EXERCISE DESCRIPTION:
Skip the pictures and write out, word for word, the lines below from the one with "Piramide van Maslow nieuwe stijl" through the one with "Story behind the", inclusive.

EXTRACTED RECORDS:
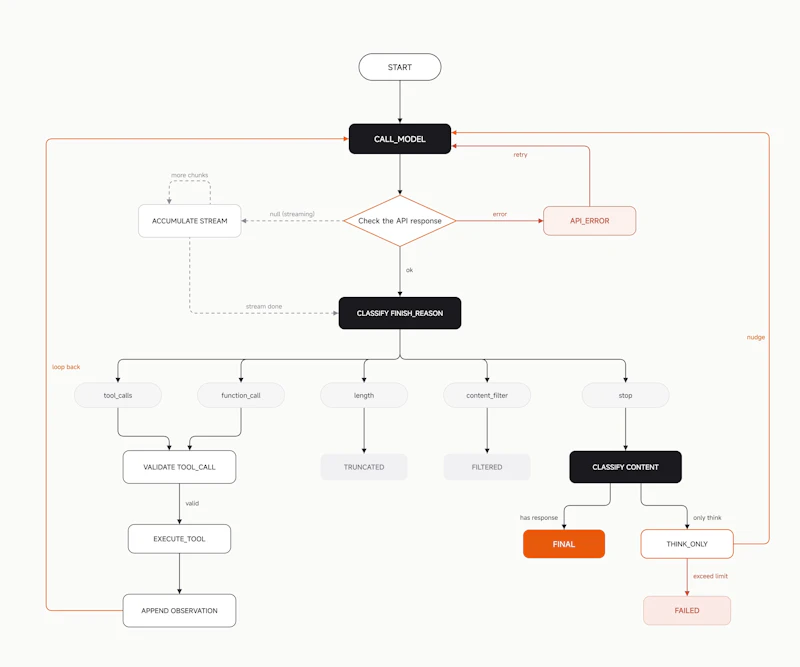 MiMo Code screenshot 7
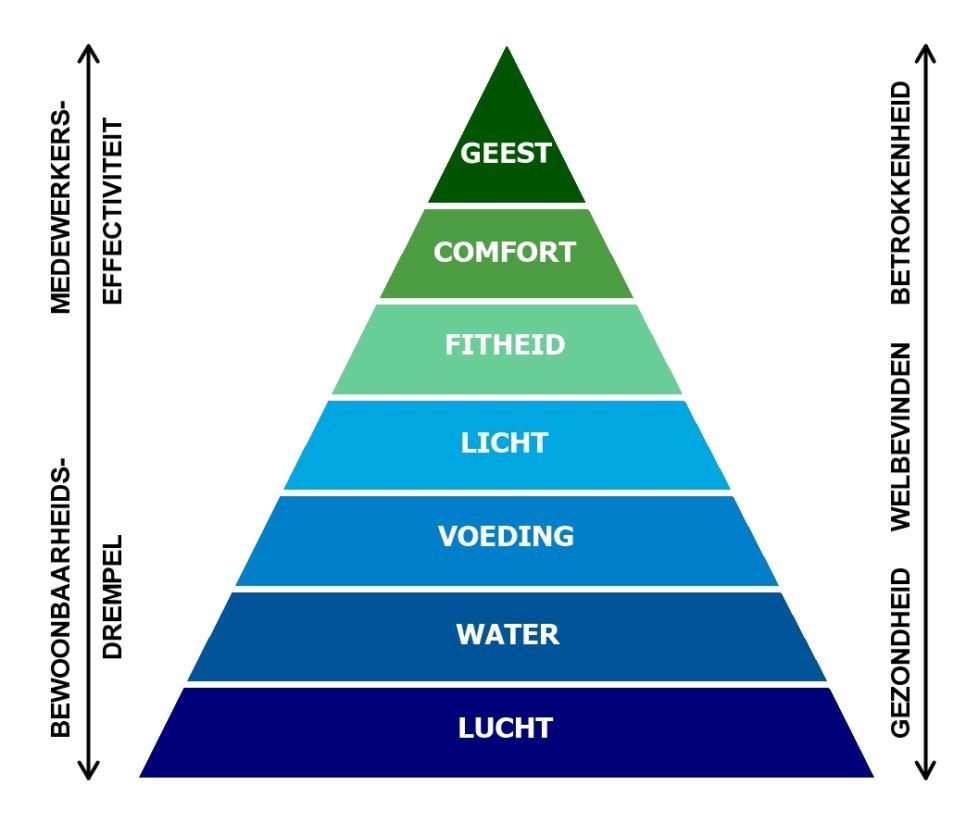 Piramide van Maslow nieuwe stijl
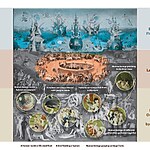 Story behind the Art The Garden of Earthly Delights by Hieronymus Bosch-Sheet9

==

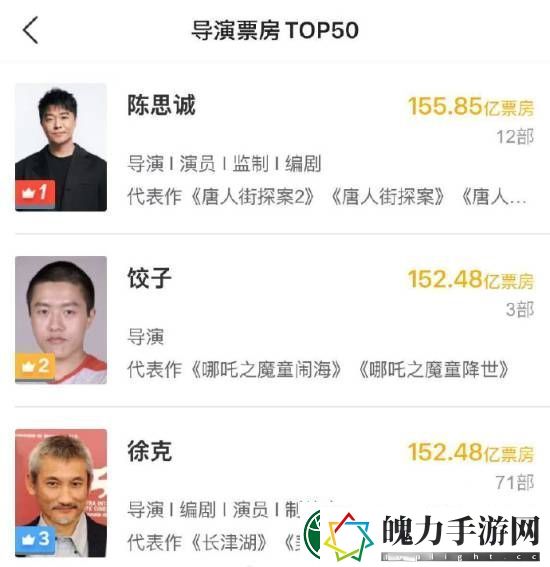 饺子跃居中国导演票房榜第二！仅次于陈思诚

* * *

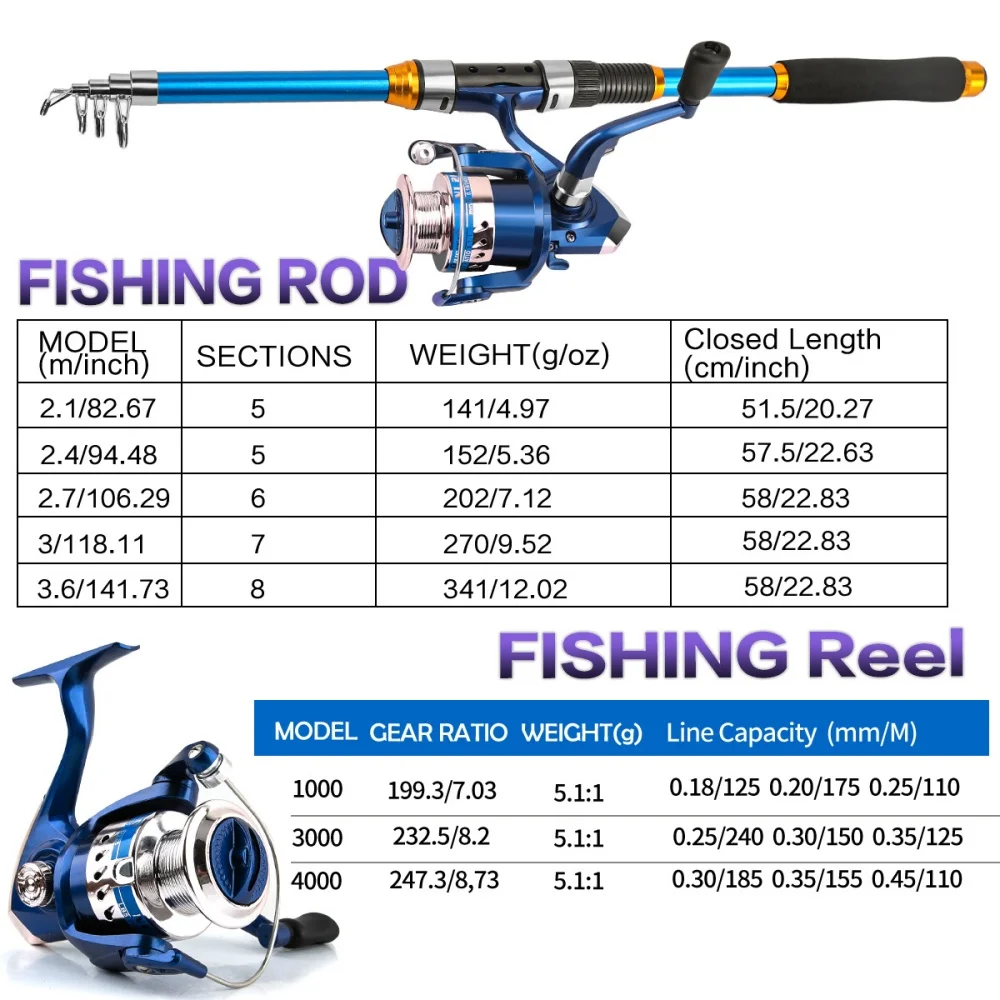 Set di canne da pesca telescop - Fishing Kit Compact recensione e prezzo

SOLVED EXERCISE:
 Piramide van Maslow nieuwe stijl
 Story behind the Art The Garden of Earthly Delights by Hieronymus Bosch-Sheet9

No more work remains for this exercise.